Nos últimos oito anos o jogo do governador foi tão personalista e sinuoso que, depois de queimar candidaturas potenciais, e impedir que surgissem alternativas, ele encerra a sua longa e deficitária passagem pela chefia do poder executivo estadual sem sucessor (a candidatura da filha se frustrou) – mas também sem qualquer sombra, o que, talvez, ele considere mais importante. Com tantos quadros, o PSDB é um deserto de homens – e de ideias.

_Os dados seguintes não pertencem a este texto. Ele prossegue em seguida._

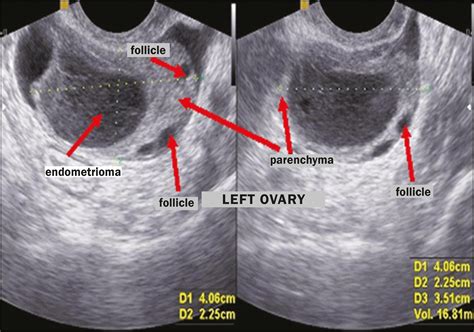 Scielo Brazil Transvaginal Ultrasound In Deep Endometriosis Pictorial Essay Transvaginal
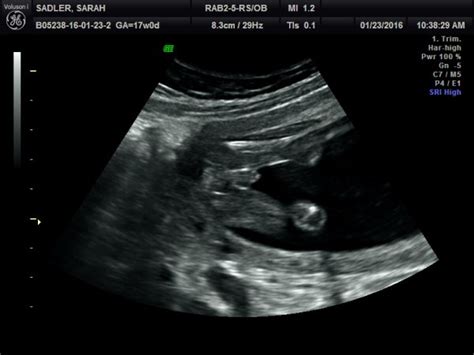 17 weeks ultrasound. For sure a boy? - BabyCenter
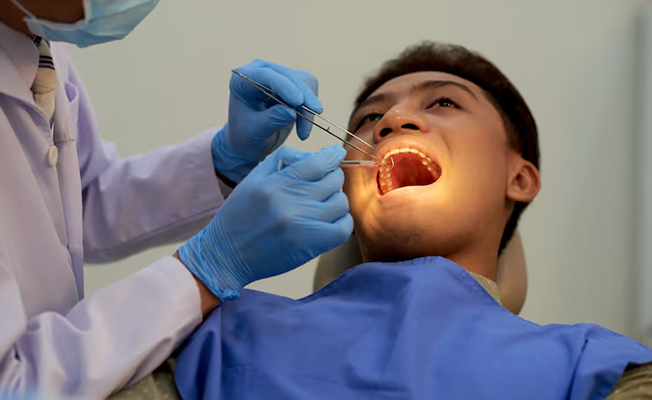 Denture fitting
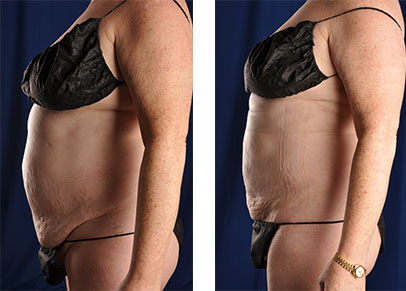 Some of the better liposuction before and after pictures we've ever taken.

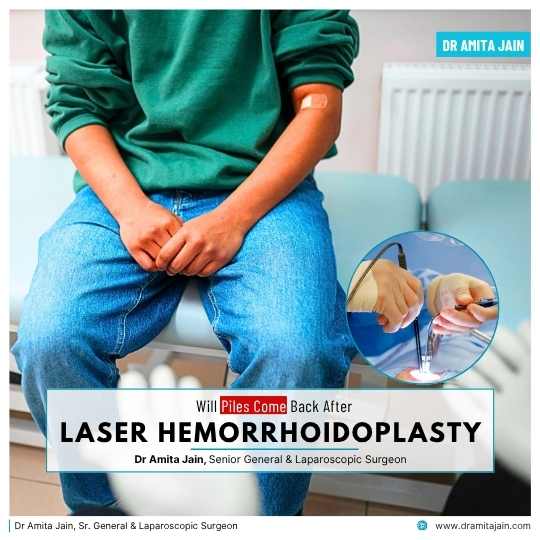 Laser Piles Surgery Treatment in Delhi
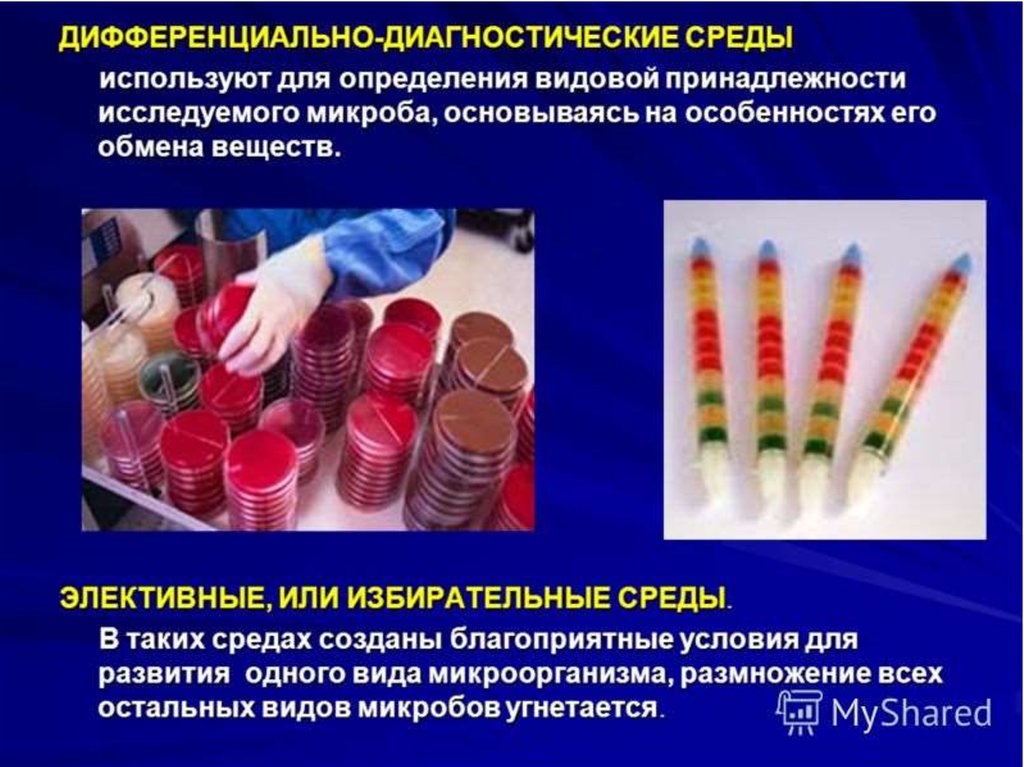 Специальные среды. Дифференциально-диагностические питательные среды микробиология. Дифференциальная диагностическая питательная среда. Элективные и дифференциально-диагностические среды. 1. Классификация питательных дифференциально-диагностических сред.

Foi sob o diretório tucano que se consumaram os dois principais golpes sofridos pelo Pará em muitos anos. O primeiro, de 1996, o segundo ano do primeiro mandato de Almir Gabriel, foi a lei Kandir, que livrou do principal imposto estadual, o ICMS, as exportações de matérias primas e semielaborados, desonerando os minérios, responsáveis por 85% das exportações do Pará, quinto maior exportador do país e o segundo pelo saldo de divisas, em vias de desbancar Minas Gerais da liderança mineral brasileira.
O autor do projeto de lei foi um deputado federal – também tucano – de São Paulo, Antônio Kandir, ex-ministro de Collor, que preparou o terreno para o lance seguinte, da semeadura da privatização da Companhia Vale do Rio Doce, em 1997, vendendo o controle acionário da estatal a preço de banana, depois que ela foi “saneada” pelo governo – igualmente tucano – Fernando Henrique Cardoso.
Hoje, Simão Jatene esperneia, protesta e questiona judicialmente a iniciativa, que teria privado o Estado de 30 bilhões de reais. Na época, ele e seu chefe se mantiveram calados. Almir cobrou compensação. A Vale prometeu implantar no Pará o maior projeto industrial de então, do cobre do Salobo, e o presenteou com um plano de desenvolvimento (de infraestrutura, é claro) do Estado, pronto e acabado, sem debate.
A fábrica de cobre ficou para depois, mas o minério já está começando a empobrecer. O plano foi para a moldura, sendo substituído pelo tal Pará 2030, que deveria ser implementado por seu principal patrocinador, o secretário Adnan Demachki. Mas a candidatura dele ao governo gorou, minada pelo próprio Jatene. Se o “democrata” Márcio Miranda conseguir se eleger, o plano é um produto que não cabe no mostruário dele, varejista que sempre foi na presidência do poder legislativo do Pará.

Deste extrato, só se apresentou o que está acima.